● **DESCRIPTION OF THE TASK**: Transcribe only the lines in the data below falling between the line with "DK Metcalf Seattle" and the line with "画像1: 【玄米】福島県【令", including those two lines, and leave out any picture.

● **DATA EXTRACT**:
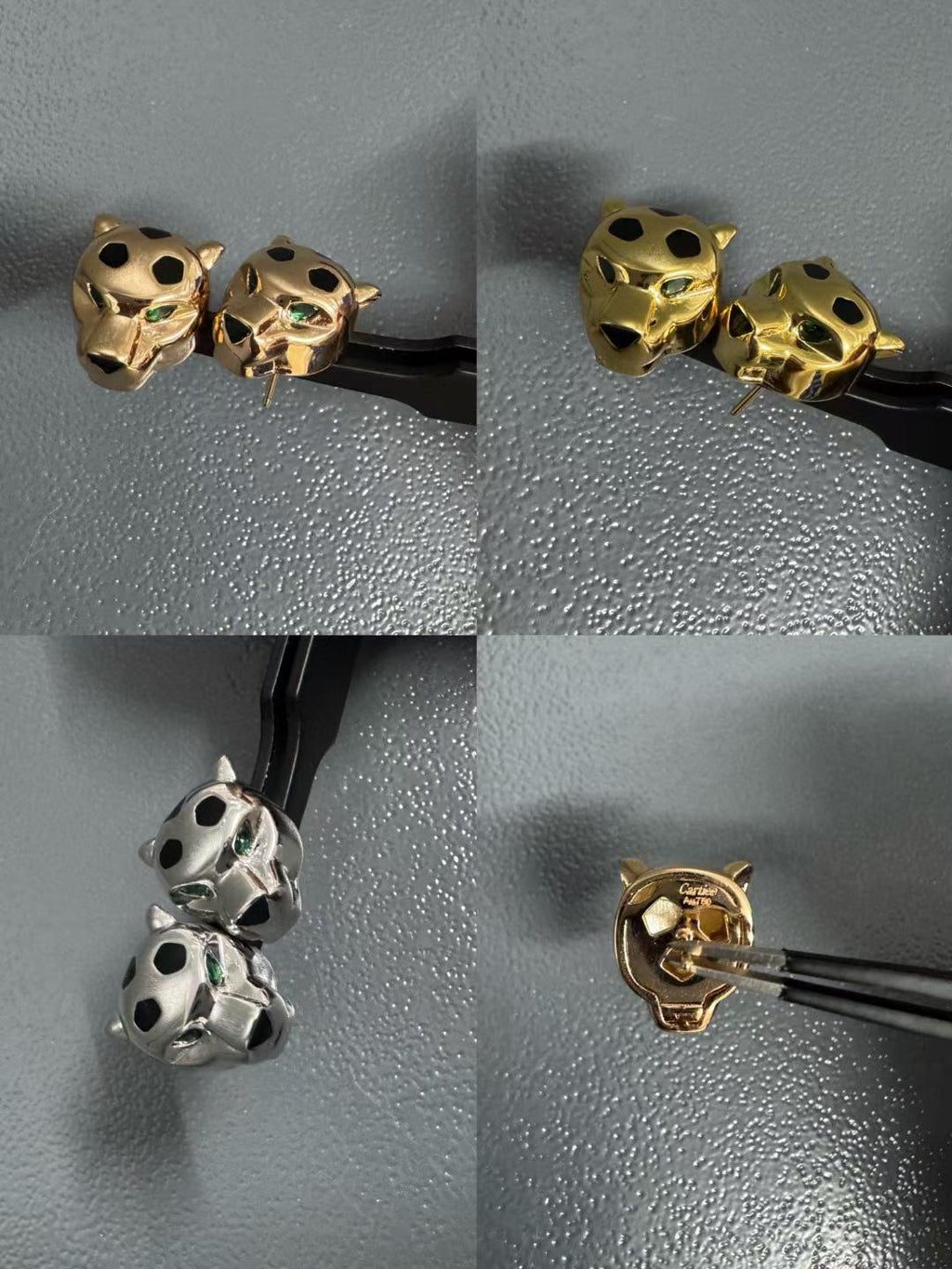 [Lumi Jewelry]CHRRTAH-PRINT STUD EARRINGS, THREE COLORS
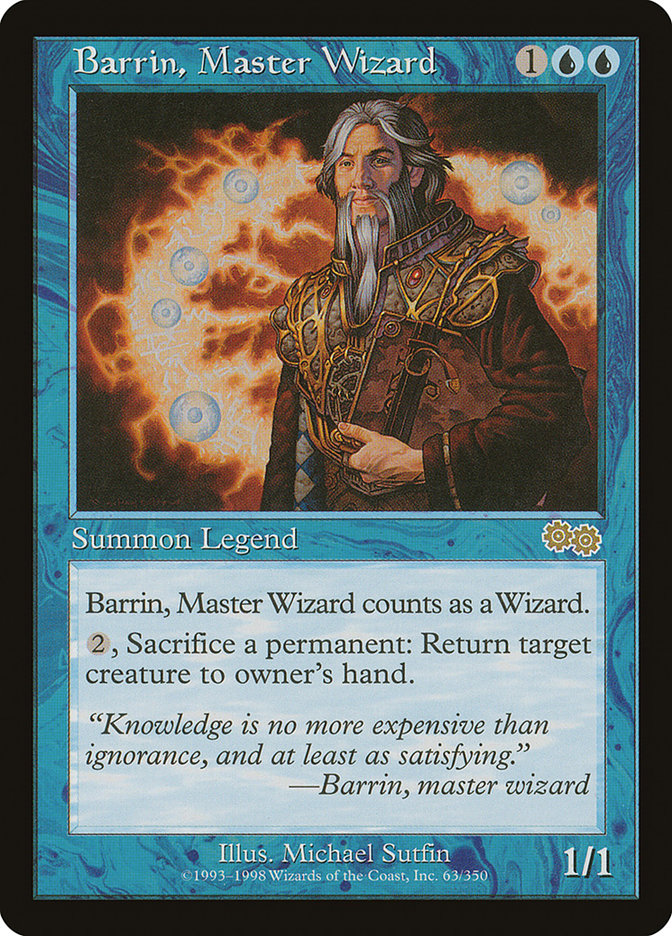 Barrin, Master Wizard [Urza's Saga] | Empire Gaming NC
* * *
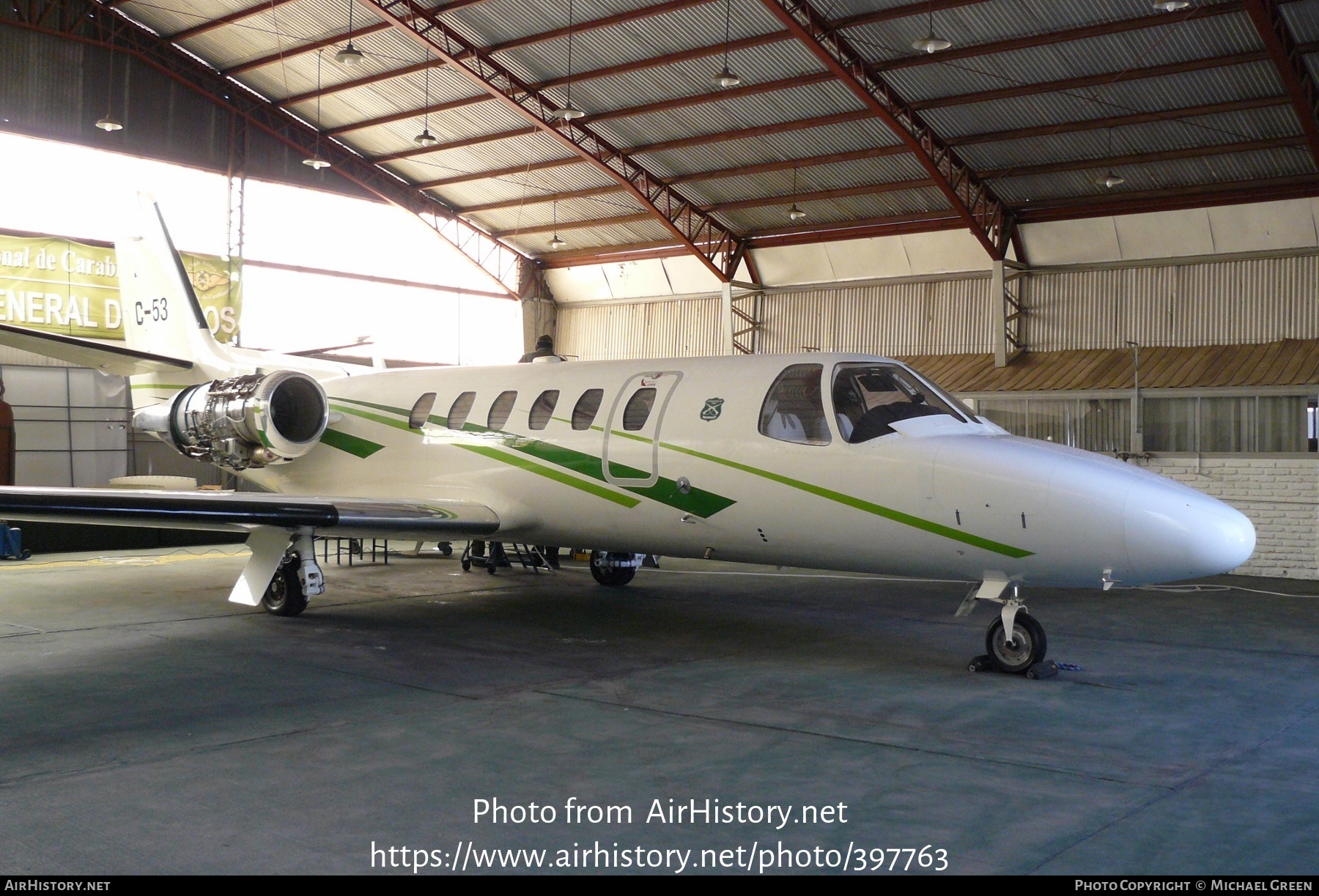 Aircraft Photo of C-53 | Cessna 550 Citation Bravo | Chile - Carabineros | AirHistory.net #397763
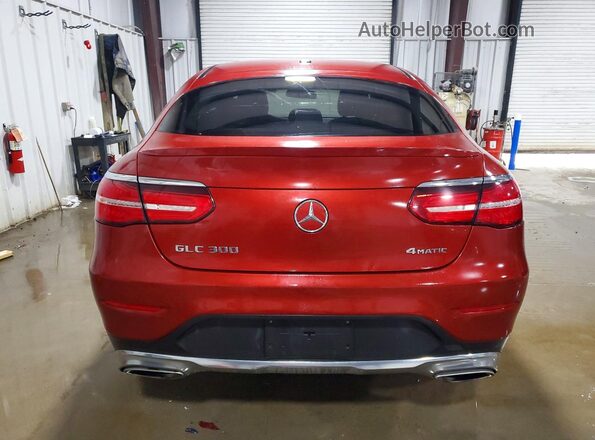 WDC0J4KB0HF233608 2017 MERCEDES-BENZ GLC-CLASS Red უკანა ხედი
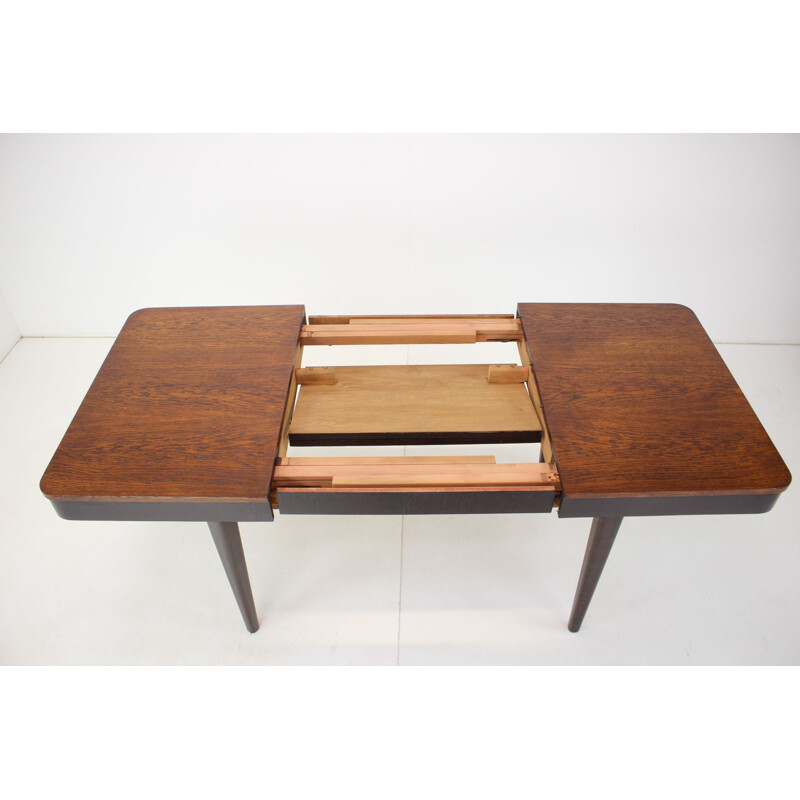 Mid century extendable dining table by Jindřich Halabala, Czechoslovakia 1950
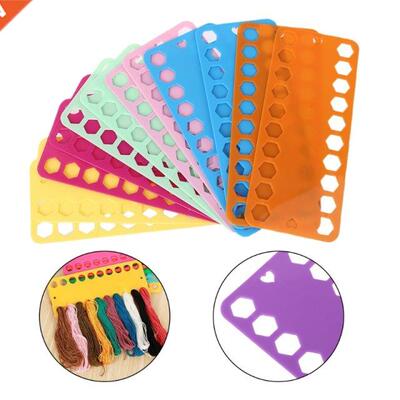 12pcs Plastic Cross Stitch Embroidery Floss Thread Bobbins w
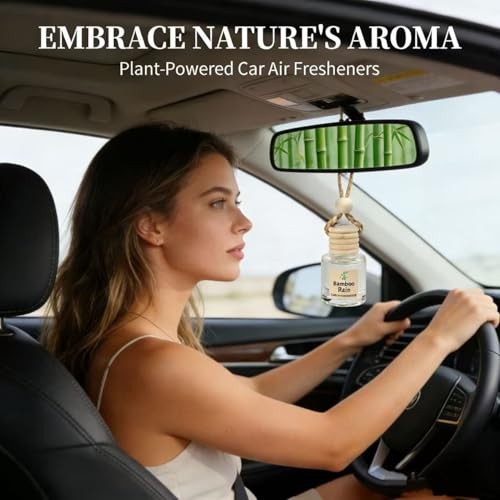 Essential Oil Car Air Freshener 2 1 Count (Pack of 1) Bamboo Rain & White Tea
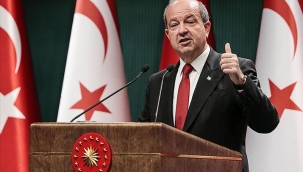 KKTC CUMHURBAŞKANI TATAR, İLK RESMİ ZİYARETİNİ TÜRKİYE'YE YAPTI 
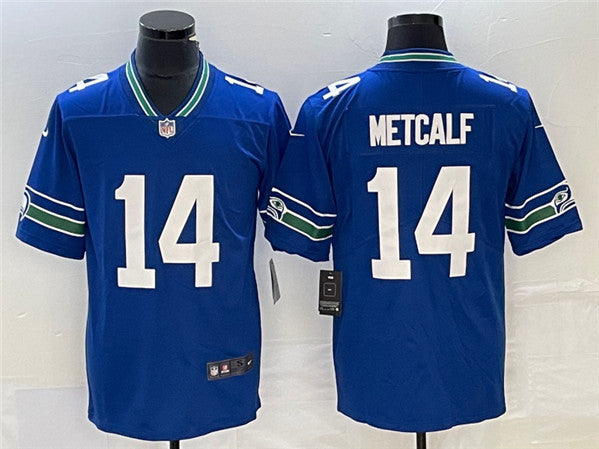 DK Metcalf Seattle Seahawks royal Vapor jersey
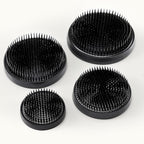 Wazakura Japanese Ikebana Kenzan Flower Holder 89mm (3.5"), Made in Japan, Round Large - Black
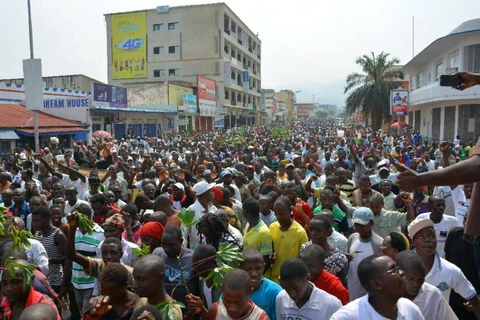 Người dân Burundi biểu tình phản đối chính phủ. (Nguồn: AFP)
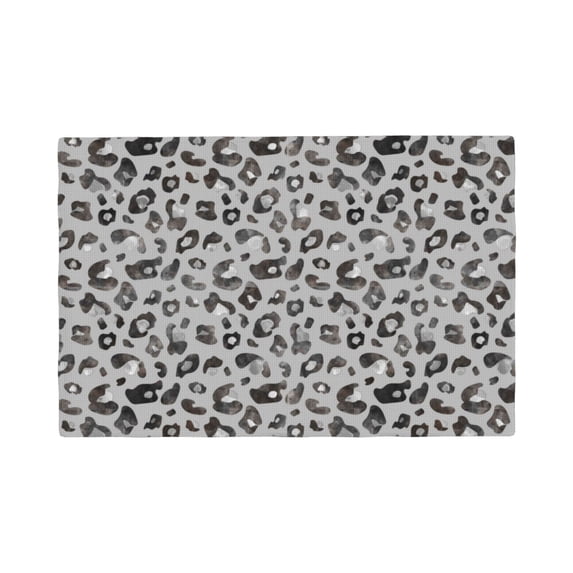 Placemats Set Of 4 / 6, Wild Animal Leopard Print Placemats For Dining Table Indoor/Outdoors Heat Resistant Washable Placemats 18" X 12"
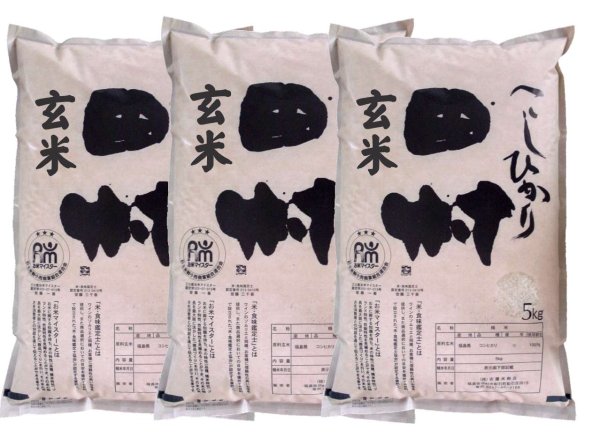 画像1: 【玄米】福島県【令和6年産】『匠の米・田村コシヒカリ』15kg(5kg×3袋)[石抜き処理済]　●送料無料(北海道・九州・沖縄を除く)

● **YOUR SOLUTION**:
 DK Metcalf Seattle Seahawks royal Vapor jersey
 Wazakura Japanese Ikebana Kenzan Flower Holder 89mm (3.5"), Made in Japan, Round Large - Black
 Người dân Burundi biểu tình phản đối chính phủ. (Nguồn: AFP)
 Placemats Set Of 4 / 6, Wild Animal Leopard Print Placemats For Dining Table Indoor/Outdoors Heat Resistant Washable Placemats 18" X 12"
 画像1: 【玄米】福島県【令和6年産】『匠の米・田村コシヒカリ』15kg(5kg×3袋)[石抜き処理済]　●送料無料(北海道・九州・沖縄を除く)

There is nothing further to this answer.